China Digital Roundup I The Left Shoe Company, Tmall, Cartier, Le Printemps

A roundup on how digital is transforming our life and business – both in China and the rest of the world through November 12th.

The Left Shoe Company: Old Craftsmanship and New Tech, from Business Of Fashion

Left Shoe Company Scan

The London outpost of Finnish upstart The Left Shoe Company is located in a jewel-sized store in Princes Arcade, a covered shopping arcade that runs between Piccadilly and Jermyn Street in one of the British capital’s smartest shopping districts, known for its men’s shoe and shirtmakers.

At the store, customers can order made-to-measure shoes, selecting from six different sole options and 20 different upper variations, available in a wide range of colors and materials, from leather and suede sourced from Italy to exotic skins like stingray and alligator, sourced from Taiwan and Paraguay, respectively. The shoes are designed by Maurizio Mazzucato, who works with some of Italy’s largest fashion houses.

 

Alibaba’s Tmall Sees $500 Million spent in First 20 Minutes, from Tech In Asia

Tmall Singles Days

It has just turned November 11 in China, commencing the nation’s craziest day of online shopping discounts and spending. It’s called 11/11. At Alibaba HQ, China’s top e-commerce company is watching its consumers spending in real-time in what I like to call its ‘big data’ war-room. Alibaba’s Tmall, its open marketplace for merchants, saw $177 million spent in the first six minutes. That leapt to $266 million (RMB 1.64 billion) after the first ten minutes, and then to very near $500 million (RMB $3.021 billion) at the 20-minute mark. (UPDATE: After the first 50 minutes, $1 billion has been spent).

In the hour before midnight, Alibaba representatives said that six million people had put items in their virtual baskets, awaiting the start of 11/11 and for the discounts to become active.
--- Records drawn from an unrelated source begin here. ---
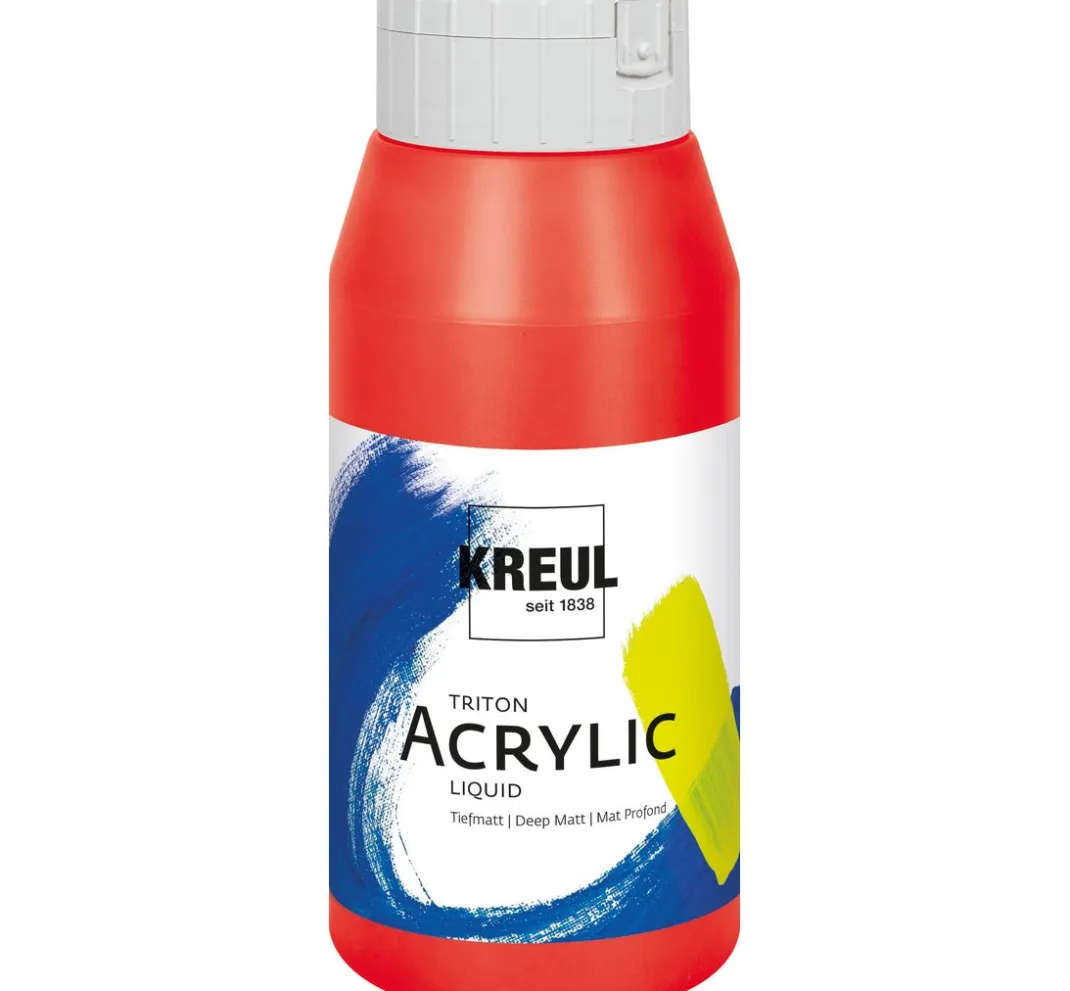 Kreul Künstler Künstlerfarbe>KREUL Triton Acrylic Liquid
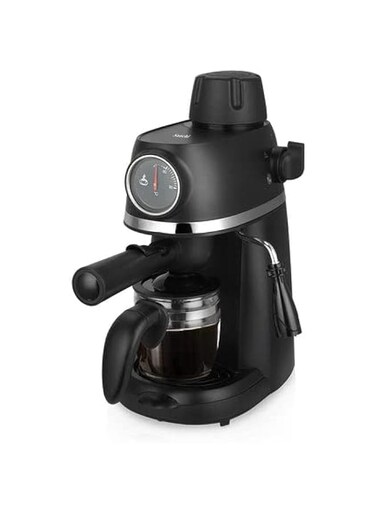 Saachi Coffee Maker, black, (NL-COF-7047-BK)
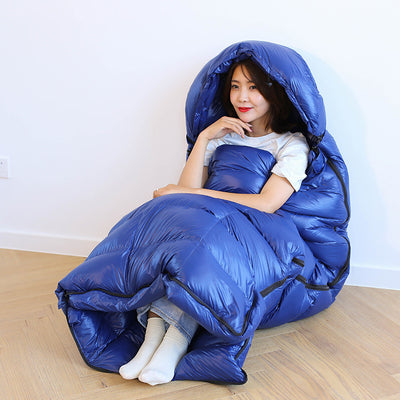 Saco de Dormir Universal para Todas las Estaciones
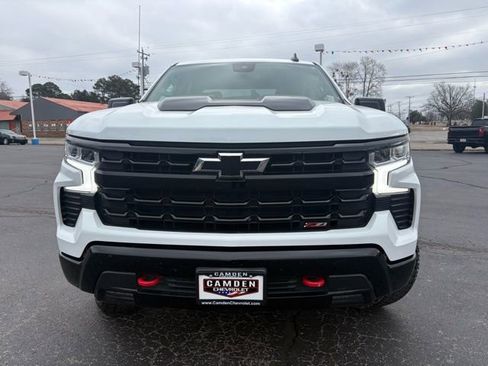 Used 2023 Chevrolet Silverado 1500 LT Trail Boss w/ Protection Package image 2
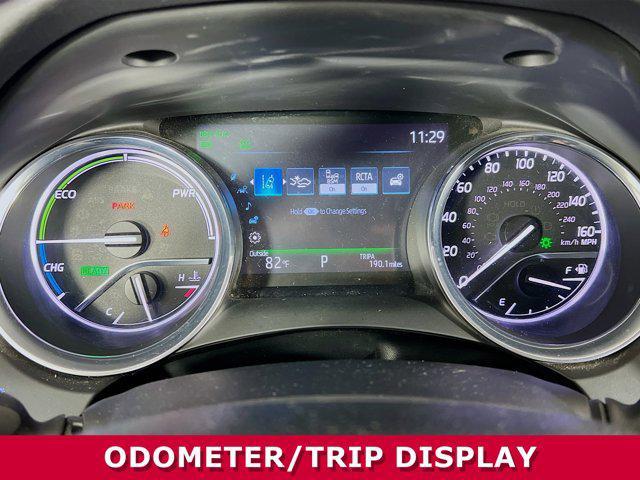 used 2020 Toyota Camry Hybrid car, priced at $21,335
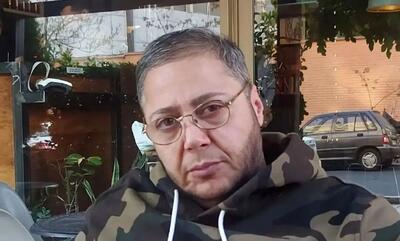 مازیار لرستانی استایل خود را به کلی تغییر داد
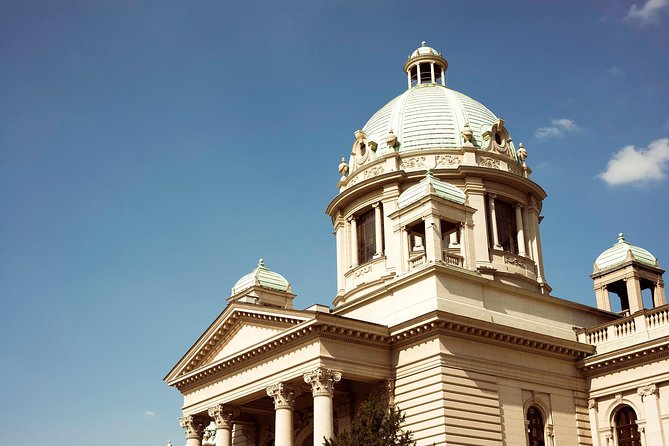 Private Transfer From Split to Belgrade, Hotel-To-Hotel, English-Speaking Driver - Vehicle Amenities and Comfort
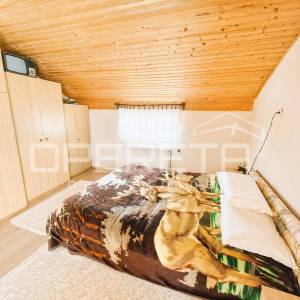PRODAJA, KUĆA, KLOŠTAR IVANIĆ, Vinogradski odvojak,  SAMOSTOJEĆA, 133m2, na parc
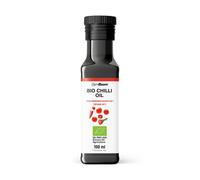 GymBeam BIO Chilli Oil 100 ml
More than 20,000 merchants on the Tmall online marketplace – from small businesses to major brands like Uniqlo – are taking part in the sales day.

 

How to Set up a Fashion Business from Scratch via e-Commerce, from Business Of Fashion

eCommerce Fashion Brands

It’s no secret that the web has become one of the most effective tools for fashion brands to market and sell their wares. According to market research firm Emarketer, online sales of apparel and accessories are now growing faster than any other e-commerce product segment (20 percent per year).

By 2016, the category will account for $73 billion worth of online purchases in the US alone, just over 20 % of all online retail sales. And while young fashion brands will always need to maintain offline touch points where customers can touch, feel and try on product, seizing the e-commerce opportunity is equally crucial to long-term success.

 

Cartier CEO Stresses Importance of Carefully Curated Digital Presence, from Luxury Daily

Cartier - YouTube

The North America chief of French jeweler Cartier at the L2 Forum 2013 said that while the brand is investing heavily in digital media, the house proceeds with caution when applying a new social media tactic, keeping in mind the brand image and long legacy.

While other brands jumped on Facebook and began posting a lot of content, Cartier decided to test the waters first, only posting one item a month out of worries that fans would tire of seeing multiple posts from them. During the “A Conversation with Prestige CEOs” session the Cartier executive said that the jewelry brand has since raised the frequency of its social media postings, but still keeps a tight hold on its presence online.

 

Printemps Sets E-commerce Strategy, from WWD

Le Printemps Paris

Absent from e-commerce until now, Printemps said it hopes to generate at least 10 % of its sales from the channel within three to four years.
“We believe the French market is at a tipping point,” Printemps chairman and CEO Paolo de Cesare said. “Customers want to have an experience online, and in a physical store.”

Last month, Printemps acquired French fashion e-commerce site Place des Tendances from media firm TF1 Group, and de Cesare said it would be its main vehicle in the online world.